** Exercise data **
((
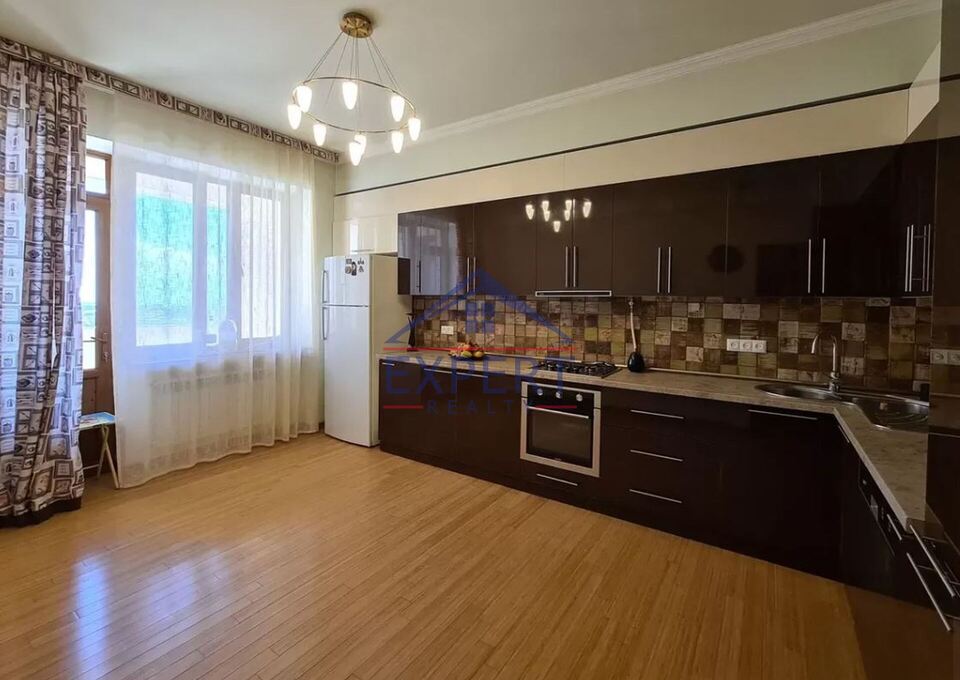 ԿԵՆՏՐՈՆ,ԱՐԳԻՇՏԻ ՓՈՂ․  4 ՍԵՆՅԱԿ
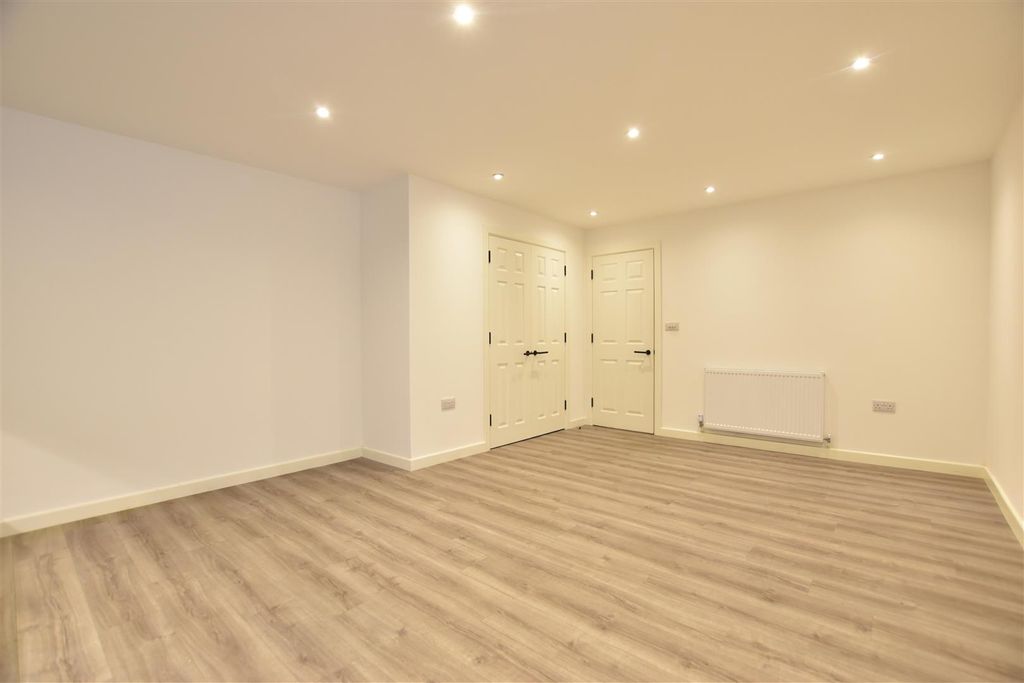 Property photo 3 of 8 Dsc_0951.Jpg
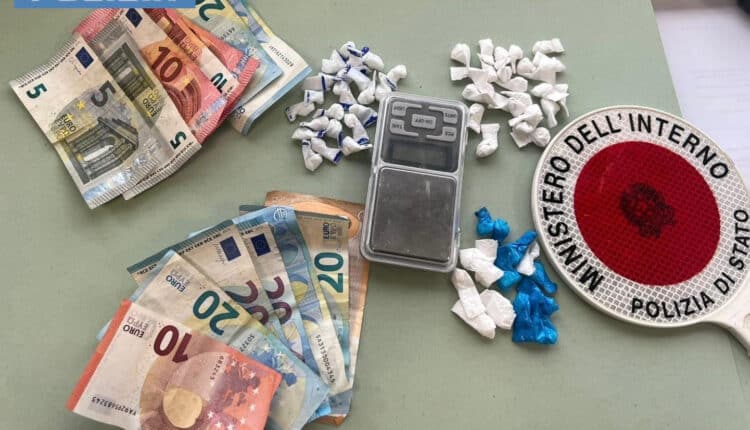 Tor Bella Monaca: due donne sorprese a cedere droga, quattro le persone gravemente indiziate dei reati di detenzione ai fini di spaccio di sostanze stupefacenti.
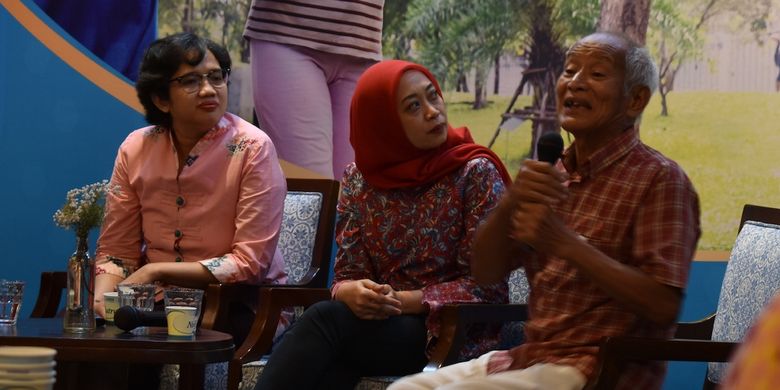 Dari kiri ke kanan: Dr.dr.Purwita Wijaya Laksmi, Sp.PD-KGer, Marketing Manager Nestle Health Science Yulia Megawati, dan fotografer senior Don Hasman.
))
In the data, the line that contains "Tor Bella Monaca: due" begins the part to write out; restate it and each line after it word for word through the end, with no pictures.

** Response area **
 Tor Bella Monaca: due donne sorprese a cedere droga, quattro le persone gravemente indiziate dei reati di detenzione ai fini di spaccio di sostanze stupefacenti.
 Dari kiri ke kanan: Dr.dr.Purwita Wijaya Laksmi, Sp.PD-KGer, Marketing Manager Nestle Health Science Yulia Megawati, dan fotografer senior Don Hasman.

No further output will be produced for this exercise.